Papa Faal, 46, admitted in U.S. District Court in Minneapolis that he participated in the Dec. 30 attack on Gambia’s State House, where he said he believes most of his co-conspirators died.
“The intent was not to kill anybody” unless fired upon, Faal said in court. “It turned really violent. … We were surprised by the fact that we had more resistance than anticipated.”
Prosecutors say Faal, of Brooklyn Park, and another man, Cherno Njie, traveled separately from the United States to Gambia to participate in the unrest.
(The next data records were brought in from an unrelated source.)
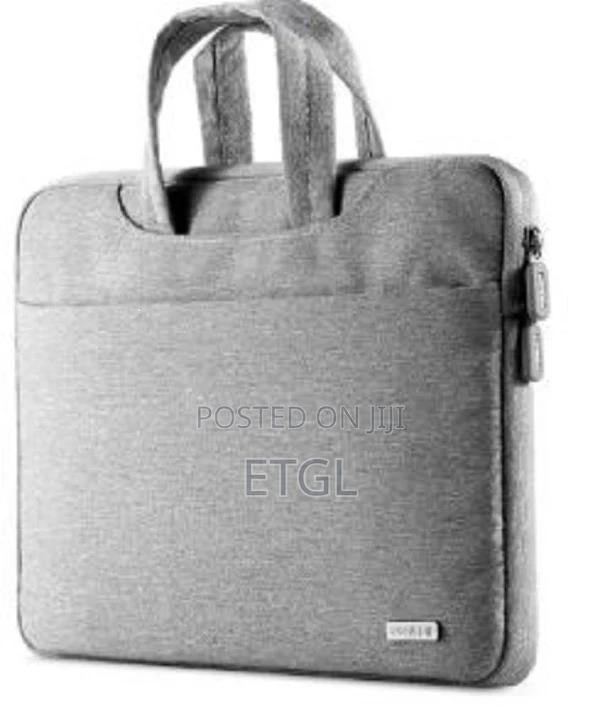 UGREEN Laptop Carrycase 14′′ Gray - LP437 - main view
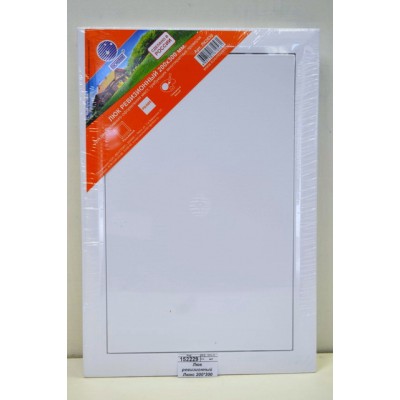 Люк ревизионный Люкс 200*300   *48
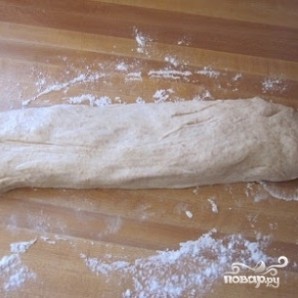 Шаг 5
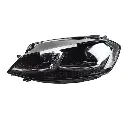 volkswagen-golf-mk7-5-led-replacement-headlamps-XXIITUNING-1.webp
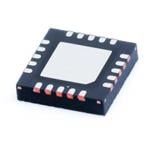 TRF7904RGPRG4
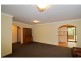 136 Railway Road, Marayong NSW 2148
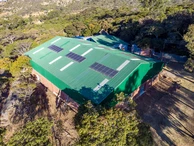 Agri Residential/ Commercial Property For Sale
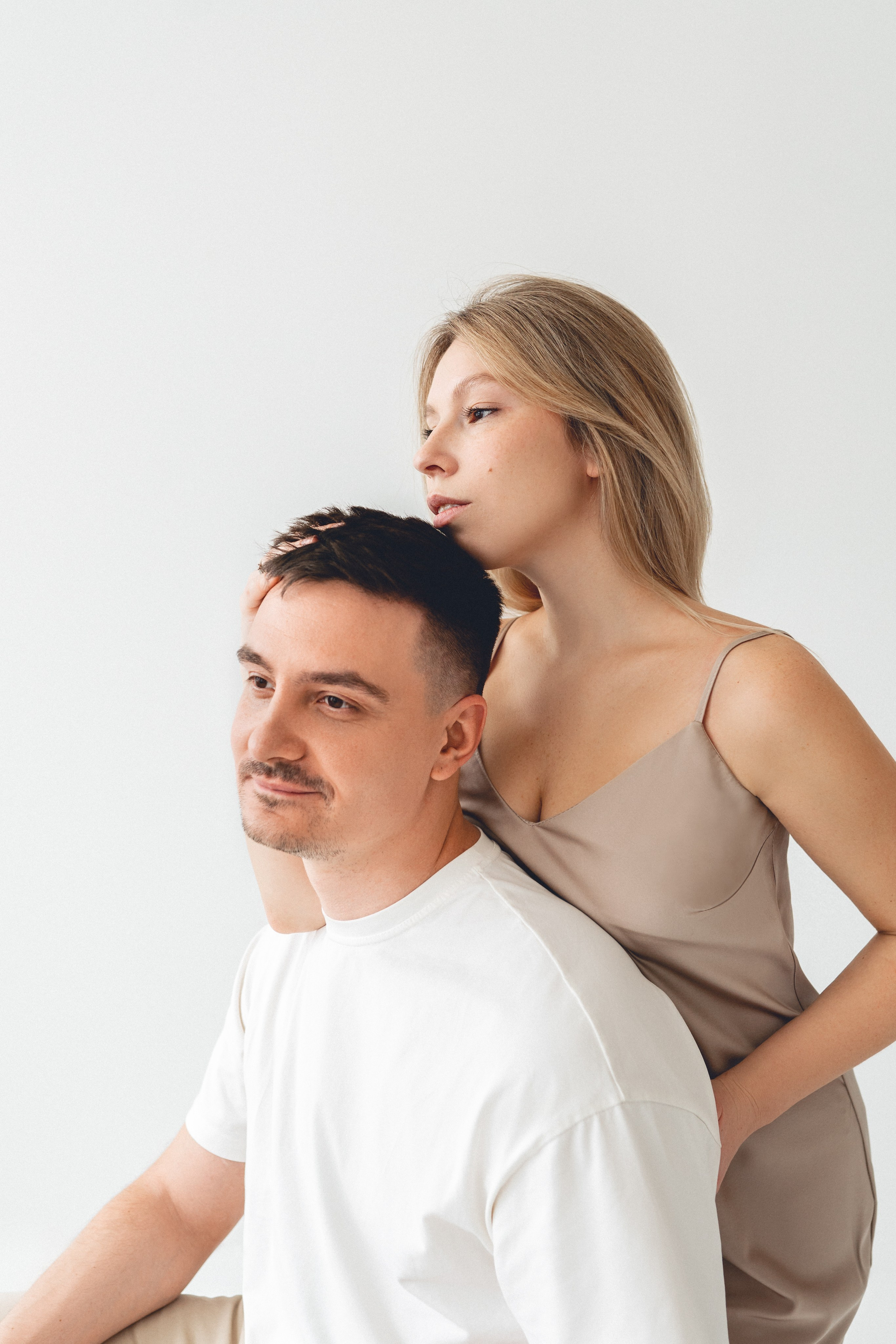 Яна. Главная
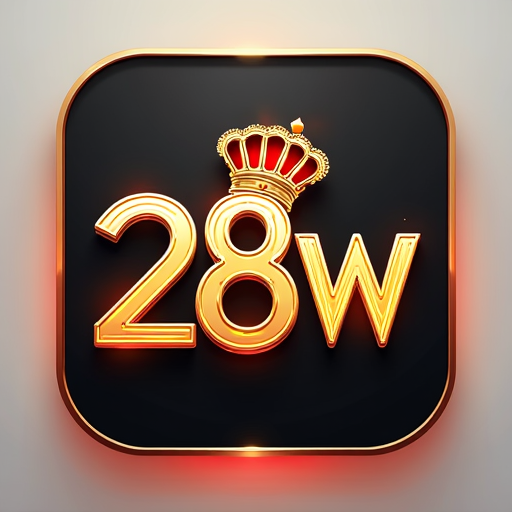 28w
They were charged upon their return to the U.S.
Faal pleaded guilty Thursday to one count of conspiracy to export firearms to Gambia without a license and one count of conspiracy to participate in an attempted overthrow of a country with whom the U.S. is “at peace.” Each count carries a maximum sentence of five years in prison.
Faal told the court that in August he joined a group of men who wanted to change the regime in Gambia. Court papers indicated he was motivated out of concern that elections were being rigged and for the “plight of the Gambian people.”
Faal, a dual citizen of the U.S. and Gambia and former member of the U.S. military, said he participated in calls with others who were trying to overthrow Gambian President Yahya Jammeh and he received emails that contained links to operational plans for the ambush.
Faal said one person gave him money to buy weapons, and Faal bought eight semiautomatic rifles in Minnesota and hid them in barrels that were shipped to Gambia.
Faal said he met up with other members of the group in Gambia. They initially planned to ambush the president, but changed plans once they learned he was out of town, he said.
A sentencing hearing will be set at a later date.
Njie, 57, of Austin, Texas, made his initial court appearance in Baltimore earlier this month and is being transported to Minnesota to face charges. Faal identified Njie as a financier of the group.
Human rights activists have long criticized the government in Gambia for targeting political opponents, journalists, and gays and lesbians. The U.S. government recently removed Gambia from a trade agreement in response to human rights abuses.
The U.S. denounced the coup attempt.